If farming was an Olympic sport, I'd win gold

If mending broken fences or dragging full buckets of milk across a yard was an Olympic sport, our Denis says he would come home with gold.
If farming was an Olympic sport, I'd win gold

If mending broken fences or dragging full buckets of milk across a yard was an Olympic sport, our Denis says he would come home with gold.

There is no doubt about it, but if mending broken fences or dragging full buckets of milk across a yard was an Olympic sport, I'd probably come out on top.

The gold would go to Ireland and to your old pal Lehane, from up the mountain.

And as Ursula von der Leyen, or someone else of that calibre pins a gold medal to my jumper, 'De Banks' would be played out over the tanoy.

And with tears streaming down my face, I would dedicate my victory to all in farming.

For while the Scandinavians might be good at ice skating, and the Russians good for lifting, it takes a very special individual to succeed in the business of farming.

I'm pretty unique; you'd have to accept that, if nothing else.

I remember, back years ago when I milked cows on this farm, it was said that there was none better than myself at attaching the milk cluster.

I could attach a cluster to the pap like Christy Ring taking a ball on the hop.

Regardless of the whip of her tail, or the strength of her back leg, I'd have that cluster on and be out of harm's way quicker than 'The Ballineen Bullet' herself.

I was a master of the milking stall, and would have my herdeen of 20 cows milked in two shakes of a lamb's tail, or at the very least in a little over an hour.

I was the Michael Phelps of the dairy industry, with arms swinging and legs flailing.

If there had been a medal presentation after the cows every morning, I would surely have been on the top pedestal.

But alas, time marches on.

The milking stall, the playground of the poor, was eventually pushed aside by those who milk in state-of-the-art facilities.

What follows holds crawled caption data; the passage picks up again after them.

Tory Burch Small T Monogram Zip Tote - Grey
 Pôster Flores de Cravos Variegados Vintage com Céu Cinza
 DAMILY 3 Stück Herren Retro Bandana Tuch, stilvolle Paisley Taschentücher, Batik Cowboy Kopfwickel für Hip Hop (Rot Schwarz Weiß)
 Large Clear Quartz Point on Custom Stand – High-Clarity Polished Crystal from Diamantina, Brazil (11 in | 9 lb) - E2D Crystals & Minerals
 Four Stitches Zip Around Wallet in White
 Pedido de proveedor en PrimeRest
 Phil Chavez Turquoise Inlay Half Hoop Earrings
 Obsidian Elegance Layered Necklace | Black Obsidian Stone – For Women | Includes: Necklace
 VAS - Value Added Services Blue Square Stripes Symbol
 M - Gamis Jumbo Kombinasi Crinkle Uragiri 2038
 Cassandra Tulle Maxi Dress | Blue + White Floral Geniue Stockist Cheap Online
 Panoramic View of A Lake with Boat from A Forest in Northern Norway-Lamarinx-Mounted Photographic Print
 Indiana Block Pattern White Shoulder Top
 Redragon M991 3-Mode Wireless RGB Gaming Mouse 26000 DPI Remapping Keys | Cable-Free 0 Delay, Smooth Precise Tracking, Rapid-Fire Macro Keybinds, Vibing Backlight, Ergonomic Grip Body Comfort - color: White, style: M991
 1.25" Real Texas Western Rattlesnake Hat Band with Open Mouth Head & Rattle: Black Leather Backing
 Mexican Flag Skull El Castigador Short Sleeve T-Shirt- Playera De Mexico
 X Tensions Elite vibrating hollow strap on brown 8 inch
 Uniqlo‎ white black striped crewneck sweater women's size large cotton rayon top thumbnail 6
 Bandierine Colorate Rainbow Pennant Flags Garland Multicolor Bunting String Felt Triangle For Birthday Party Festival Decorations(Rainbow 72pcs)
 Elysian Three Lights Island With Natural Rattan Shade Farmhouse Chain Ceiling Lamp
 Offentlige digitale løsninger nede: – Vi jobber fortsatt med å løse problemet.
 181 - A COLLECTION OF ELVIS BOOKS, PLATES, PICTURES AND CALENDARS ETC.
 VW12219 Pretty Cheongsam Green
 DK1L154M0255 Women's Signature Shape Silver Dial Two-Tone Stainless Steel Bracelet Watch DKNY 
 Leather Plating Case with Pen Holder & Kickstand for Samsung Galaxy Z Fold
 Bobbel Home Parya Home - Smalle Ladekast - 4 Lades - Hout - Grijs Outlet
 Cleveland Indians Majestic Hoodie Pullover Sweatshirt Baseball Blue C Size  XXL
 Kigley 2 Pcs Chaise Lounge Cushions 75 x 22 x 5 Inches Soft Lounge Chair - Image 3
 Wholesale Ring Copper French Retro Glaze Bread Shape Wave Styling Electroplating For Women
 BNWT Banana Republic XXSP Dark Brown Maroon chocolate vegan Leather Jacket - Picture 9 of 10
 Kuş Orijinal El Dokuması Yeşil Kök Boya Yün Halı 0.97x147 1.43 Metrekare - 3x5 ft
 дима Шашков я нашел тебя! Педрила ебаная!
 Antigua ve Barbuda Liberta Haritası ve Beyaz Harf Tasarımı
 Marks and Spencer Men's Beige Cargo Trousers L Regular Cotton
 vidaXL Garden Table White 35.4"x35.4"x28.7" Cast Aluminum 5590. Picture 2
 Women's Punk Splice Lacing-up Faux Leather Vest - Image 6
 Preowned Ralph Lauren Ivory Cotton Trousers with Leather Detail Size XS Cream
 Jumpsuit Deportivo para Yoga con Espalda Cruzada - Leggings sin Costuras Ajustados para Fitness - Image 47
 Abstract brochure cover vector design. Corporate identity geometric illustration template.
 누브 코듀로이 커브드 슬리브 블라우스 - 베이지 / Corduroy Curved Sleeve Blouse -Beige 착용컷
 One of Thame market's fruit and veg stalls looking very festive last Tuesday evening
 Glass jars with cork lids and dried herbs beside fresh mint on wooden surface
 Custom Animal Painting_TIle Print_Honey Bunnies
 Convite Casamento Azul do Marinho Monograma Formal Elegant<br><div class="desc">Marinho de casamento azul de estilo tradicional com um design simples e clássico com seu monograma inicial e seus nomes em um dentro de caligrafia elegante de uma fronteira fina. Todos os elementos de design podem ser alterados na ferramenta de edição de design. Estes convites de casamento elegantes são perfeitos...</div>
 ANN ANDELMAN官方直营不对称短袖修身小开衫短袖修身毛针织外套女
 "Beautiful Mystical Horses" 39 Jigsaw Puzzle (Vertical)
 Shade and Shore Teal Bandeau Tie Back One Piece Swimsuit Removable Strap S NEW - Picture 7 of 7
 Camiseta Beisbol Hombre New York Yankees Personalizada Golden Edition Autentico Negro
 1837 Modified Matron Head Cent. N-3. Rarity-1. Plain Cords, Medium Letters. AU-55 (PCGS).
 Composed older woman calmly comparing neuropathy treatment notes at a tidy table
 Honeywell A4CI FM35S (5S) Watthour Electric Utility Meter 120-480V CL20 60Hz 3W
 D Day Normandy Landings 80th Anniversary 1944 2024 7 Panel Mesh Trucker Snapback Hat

And fellows like me, the Jesse Owens of our day, were forced out and confined to the history books.

But my farming talent wasn't only confined to the milking stall.

I remember back in the 80's when it came to making hay, it was said that none could match auld Lehane, who could sniff out a change in the weather faster than Eamonn Coughlan left the starting blocks.

I'd be up on that tractor turning hay one minute, then suddenly I would switch to raking it in.

And before the day was over, rain would be falling, but our hay would be saved all thanks to my quick reflexes.

Like Simone Biles on the gymnastics floor, my timing was always exquisite. My performance flawless.

The hay we saved was so good that horses galloped to victory and cattle put on muscle, merely from a knowledge that the stuff was in the yard.

The square bales we made in the 80s were a sight to behold, in the field or on a trailer.

They were Olympic-standard hay bales, to say the least.

But alas, that too came to an end with the arrival of the round baler.

And sure, now almost everything gets a wrap.

And you don't know what you have until a cold day in December.

But that didn't faze this Olympian farmer either.

For even today in my twilight years, when you'd think gold medals in farming were behind me, I maintain I could still make the podium for being able to spot a winning bullock from a herd that looks like it contains no winners at all.

For that's my greatest gift.

A talent for spotting a winner where everybody else only sees a loser.